Why Generic Output Erodes the Classroom
The authors offer a plain explanation that will resonate with anyone who has sat through a slide deck someone clearly did not write. AI generated materials may be competent but generic, and students notice when their teacher's own voice disappears. The connection between a teacher and a class is partly built on idiosyncrasy, the specific example, the local reference, the argument the teacher clearly cares about. Smooth, averaged output can quietly remove exactly the friction and personality that made a subject feel worth caring about.
For edtech buyers, this reframes the risk. The danger is not that teacher AI produces wrong answers, though it can. The subtler danger is that it produces plausible, forgettable ones at scale, and that the aggregate effect on a student's relationship with the material is corrosive rather than neutral. A tool can pass every accuracy benchmark a procurement team writes and still make a class less engaging. Motivation is a leading indicator, and this study caught it moving in the wrong direction before grades ever showed the damage.
What This Means for Procurement and Rollout
We would not read this as a reason to ban teacher AI. We would read it as a reason to stop measuring success by adoption. Seat counts, weekly active teachers and prompts sent are the metrics vendors report because they are easy and flattering. This trial shows that a program can look like a runaway success on those numbers while quietly depressing the student outcomes the district actually cares about. The reminder and feedback arm of the study, which nudged teachers to use the tool more, did not rescue the result.

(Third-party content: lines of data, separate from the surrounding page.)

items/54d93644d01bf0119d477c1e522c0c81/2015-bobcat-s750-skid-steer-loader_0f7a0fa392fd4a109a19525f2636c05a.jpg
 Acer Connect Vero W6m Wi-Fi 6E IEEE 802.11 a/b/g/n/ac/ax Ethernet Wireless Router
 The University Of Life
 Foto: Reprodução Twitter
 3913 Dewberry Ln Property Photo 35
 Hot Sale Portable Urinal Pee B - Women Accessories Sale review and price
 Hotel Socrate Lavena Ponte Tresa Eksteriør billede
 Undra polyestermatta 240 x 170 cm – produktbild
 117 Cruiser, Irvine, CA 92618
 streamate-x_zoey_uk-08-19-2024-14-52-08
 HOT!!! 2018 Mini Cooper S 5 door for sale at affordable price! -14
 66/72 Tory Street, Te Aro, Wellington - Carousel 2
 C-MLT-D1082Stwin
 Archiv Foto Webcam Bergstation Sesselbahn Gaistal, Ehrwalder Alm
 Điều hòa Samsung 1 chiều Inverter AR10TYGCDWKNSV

The practical implication is that deployment needs guardrails and training aimed squarely at the heaviest adopters, not just the reluctant ones. Districts should pair any teacher AI rollout with explicit norms about where human authorship stays non negotiable, and should instrument for student motivation and engagement, not only for tool usage and grades. The authors themselves conclude that successful deployment might need guardrails and training, especially for the teachers most eager to adopt. That is a design and change management problem, and it lands on the CIO's desk as much as the curriculum office's.
The Caveats, and the Signal Underneath Them
The researchers are careful, and so should we be. The intervention lasted a single semester and used one specific tool, so results could differ with longer exposure, a different product design, stronger guardrails or more discriminating assessments. A one semester window may catch a novelty dip that fades, or it may miss a slower erosion that compounds. This is one rigorous study in a young field, not a verdict, and the sample sits in one country's school system rather than across many.
Even with those limits, the direction of the finding is the story. When a category as hyped as teacher AI is finally subjected to a large randomized trial, the average student came out slightly worse on motivation and no better on grades, with the harm concentrated where support was already thinnest. Buyers have spent two years being told these tools obviously help. The honest position now is that they might, under conditions we have not yet pinned down, and that the burden of proof belongs with the vendor and the deployment, not with the skeptic.